Specifically, this paper performs a review of the standards of synchrophasor systems and the classifications and data requirements of synchrophasor applications, and presents the statistical results of actual data quality events. To the best knowledge of the authors, this is the first paper that reviews the data quality issue for synchrophasor applications. Moreover, the statistics of real-world synchronization signal loss, synchrophasor data loss, and latency are first published here.

2 Synchrophasor systems

To investigate the data quality issue for synchrophasor applications, it is advantageous to understand synchrophasor systems. In this section, the basic concept, the deployment, and the standard of synchrophasor systems are introduced, respectively.

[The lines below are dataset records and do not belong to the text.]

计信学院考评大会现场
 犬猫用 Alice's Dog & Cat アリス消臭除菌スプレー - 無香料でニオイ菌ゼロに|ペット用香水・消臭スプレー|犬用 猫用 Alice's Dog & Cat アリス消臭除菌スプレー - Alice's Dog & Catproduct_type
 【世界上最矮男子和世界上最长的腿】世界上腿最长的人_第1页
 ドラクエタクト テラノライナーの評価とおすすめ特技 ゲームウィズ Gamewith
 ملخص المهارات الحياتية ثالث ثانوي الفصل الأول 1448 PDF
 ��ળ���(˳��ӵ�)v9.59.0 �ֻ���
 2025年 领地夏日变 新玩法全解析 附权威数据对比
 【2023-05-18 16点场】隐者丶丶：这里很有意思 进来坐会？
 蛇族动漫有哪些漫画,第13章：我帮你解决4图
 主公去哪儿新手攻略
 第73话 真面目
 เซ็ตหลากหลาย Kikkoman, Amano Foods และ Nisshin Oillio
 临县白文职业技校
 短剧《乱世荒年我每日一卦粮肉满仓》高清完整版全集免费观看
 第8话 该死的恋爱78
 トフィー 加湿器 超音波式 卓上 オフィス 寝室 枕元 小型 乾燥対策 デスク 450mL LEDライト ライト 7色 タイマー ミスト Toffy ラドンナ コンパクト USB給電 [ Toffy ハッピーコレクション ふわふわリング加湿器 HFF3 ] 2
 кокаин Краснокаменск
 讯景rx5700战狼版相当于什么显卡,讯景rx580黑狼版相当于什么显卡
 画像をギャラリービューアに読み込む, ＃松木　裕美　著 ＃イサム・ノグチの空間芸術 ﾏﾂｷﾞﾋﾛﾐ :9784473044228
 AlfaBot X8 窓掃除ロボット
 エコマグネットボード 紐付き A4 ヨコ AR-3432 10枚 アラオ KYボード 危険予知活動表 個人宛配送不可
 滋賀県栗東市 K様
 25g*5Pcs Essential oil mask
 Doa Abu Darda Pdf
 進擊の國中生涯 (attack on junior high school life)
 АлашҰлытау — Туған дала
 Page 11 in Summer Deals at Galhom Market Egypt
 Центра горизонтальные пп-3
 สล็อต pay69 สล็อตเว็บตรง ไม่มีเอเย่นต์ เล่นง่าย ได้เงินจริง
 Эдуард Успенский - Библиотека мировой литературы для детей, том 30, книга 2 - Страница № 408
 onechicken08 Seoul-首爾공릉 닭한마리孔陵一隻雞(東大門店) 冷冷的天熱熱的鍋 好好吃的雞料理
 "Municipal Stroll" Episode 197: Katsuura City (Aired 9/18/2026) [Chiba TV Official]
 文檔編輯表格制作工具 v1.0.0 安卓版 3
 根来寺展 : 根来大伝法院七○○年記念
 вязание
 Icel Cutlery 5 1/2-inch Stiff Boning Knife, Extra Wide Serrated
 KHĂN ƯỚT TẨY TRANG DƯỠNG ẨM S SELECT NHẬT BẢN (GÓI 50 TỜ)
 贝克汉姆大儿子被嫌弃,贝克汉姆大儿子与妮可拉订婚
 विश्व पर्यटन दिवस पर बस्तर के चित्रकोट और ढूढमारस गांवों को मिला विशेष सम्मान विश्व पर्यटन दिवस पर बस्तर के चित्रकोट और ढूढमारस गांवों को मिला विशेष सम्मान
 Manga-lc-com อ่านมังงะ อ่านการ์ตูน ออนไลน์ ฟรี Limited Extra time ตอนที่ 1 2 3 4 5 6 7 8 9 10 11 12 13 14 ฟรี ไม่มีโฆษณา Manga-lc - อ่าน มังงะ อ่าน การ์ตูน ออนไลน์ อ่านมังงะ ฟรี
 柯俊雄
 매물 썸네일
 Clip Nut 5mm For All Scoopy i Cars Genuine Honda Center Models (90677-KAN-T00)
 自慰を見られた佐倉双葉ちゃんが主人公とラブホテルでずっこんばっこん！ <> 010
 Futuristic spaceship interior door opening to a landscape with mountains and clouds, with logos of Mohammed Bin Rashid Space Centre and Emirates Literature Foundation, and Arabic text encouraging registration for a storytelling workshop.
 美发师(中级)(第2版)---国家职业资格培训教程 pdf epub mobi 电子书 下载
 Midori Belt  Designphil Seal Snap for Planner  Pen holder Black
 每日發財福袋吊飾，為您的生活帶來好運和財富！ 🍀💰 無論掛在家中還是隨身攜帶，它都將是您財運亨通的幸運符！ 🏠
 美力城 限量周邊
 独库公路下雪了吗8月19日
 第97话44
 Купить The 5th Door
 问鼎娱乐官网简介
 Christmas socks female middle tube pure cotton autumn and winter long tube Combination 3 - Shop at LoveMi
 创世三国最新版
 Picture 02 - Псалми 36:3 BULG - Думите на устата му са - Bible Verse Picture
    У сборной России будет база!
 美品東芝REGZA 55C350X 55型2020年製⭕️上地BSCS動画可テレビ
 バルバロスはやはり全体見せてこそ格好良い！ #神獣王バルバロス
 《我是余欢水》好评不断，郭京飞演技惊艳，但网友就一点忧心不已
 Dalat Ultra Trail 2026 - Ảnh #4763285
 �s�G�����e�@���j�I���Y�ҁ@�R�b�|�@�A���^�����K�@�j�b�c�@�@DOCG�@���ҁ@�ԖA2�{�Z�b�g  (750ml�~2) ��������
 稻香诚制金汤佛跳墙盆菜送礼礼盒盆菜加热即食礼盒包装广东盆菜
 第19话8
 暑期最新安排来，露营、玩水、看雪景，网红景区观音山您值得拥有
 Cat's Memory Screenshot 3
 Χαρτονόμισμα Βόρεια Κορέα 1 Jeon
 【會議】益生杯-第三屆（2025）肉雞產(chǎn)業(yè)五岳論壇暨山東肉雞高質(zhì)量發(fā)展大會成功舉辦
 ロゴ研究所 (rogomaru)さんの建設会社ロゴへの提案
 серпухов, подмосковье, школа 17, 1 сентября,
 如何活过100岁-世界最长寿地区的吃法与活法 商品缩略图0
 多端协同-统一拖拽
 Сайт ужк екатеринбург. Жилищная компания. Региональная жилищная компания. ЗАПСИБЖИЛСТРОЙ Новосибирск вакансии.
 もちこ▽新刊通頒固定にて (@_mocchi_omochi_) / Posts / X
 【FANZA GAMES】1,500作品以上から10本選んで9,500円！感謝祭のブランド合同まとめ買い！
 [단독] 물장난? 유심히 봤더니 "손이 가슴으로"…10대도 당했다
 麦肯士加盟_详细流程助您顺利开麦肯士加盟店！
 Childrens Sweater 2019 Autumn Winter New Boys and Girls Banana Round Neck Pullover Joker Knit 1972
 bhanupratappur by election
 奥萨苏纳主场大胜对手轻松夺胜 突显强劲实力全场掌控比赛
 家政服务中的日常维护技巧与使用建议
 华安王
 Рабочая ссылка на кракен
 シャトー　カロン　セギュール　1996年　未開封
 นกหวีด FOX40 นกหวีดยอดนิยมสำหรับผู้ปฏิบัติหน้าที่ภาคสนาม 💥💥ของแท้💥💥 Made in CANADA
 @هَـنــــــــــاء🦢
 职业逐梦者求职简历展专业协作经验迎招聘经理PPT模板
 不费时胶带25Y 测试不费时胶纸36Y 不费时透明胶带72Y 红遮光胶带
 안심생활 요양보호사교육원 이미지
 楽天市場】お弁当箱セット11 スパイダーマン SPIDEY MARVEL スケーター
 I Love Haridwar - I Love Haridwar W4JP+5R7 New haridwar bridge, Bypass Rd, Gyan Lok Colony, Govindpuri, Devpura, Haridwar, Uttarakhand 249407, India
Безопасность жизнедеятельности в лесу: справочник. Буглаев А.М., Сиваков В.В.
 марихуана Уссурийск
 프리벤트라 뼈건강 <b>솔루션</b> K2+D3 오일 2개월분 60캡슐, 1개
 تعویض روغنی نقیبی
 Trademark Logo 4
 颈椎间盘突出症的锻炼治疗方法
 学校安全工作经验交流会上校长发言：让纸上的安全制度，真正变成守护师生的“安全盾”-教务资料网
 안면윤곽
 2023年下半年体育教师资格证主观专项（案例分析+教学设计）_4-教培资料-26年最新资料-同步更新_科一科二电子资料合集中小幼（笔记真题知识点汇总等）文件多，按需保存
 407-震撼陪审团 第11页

2.1 Synchrophasor system components

A synchrophasor or a synchronized phasor refers to a phasor calculated from data samples using a standard time signal, e.g., GPS signal, as the reference for the measurement. A typical synchrophasor system is shown in Fig. 1, which primarily consists of the PMU, PDC, data storage, and communication network [1116].

Fig. 1
figure 1

Synchrophasor system framework [13]

In general, the PMU is a function or a device that provides synchrophasor, frequency, and rate of change of frequency (ROCOF) measurements from voltage and/or current signals and a time synchronizing signal; the PDC is a function that collects synchrophasor data and discrete event data from multiple PMUs and/or other PDCs, aligns the data by time tags to create a time-synchronized dataset, and transmits the dataset to a control center and/or various applications; and the data storage is used to store synchrophasor data and make them conveniently available for post-event analysis (note that PDCs may buffer data for a short time period but do not store data [16]). If a PDC collects the data from 100 PMUs (each PMU is with 20 measurements and 30 samples per second), it will require the data storage with the capacity over 50 GB/day and 1.5 TB/month [17].

In practice, PMUs are typically installed at a substation or a power plant, and PDCs are diversely located at a substation, a regional control room, and a centralized control room as shown in Fig. 1. Local PDCs aggregate and align the synchrophasor data from multiple PMUs, and mid- and higher-level PDCs collect the synchrophasor data from multiple PDCs, check the data quality, and deliver the data to a control center or a variety of applications.

2.2 Synchrophasor system deployment

In the mid 1980’s, the first PMUs were developed at Virginia Tech, and now the PMU-based synchrophasor systems are globally deployed [57]. According to the latest statistics from the North American Synchrophasor Initiative (NASPI), there are almost 2000 commercial-grade PMUs installed across North America, and many local and regional PDCs collecting real-time, high-speed, time synchronized power grid information [8].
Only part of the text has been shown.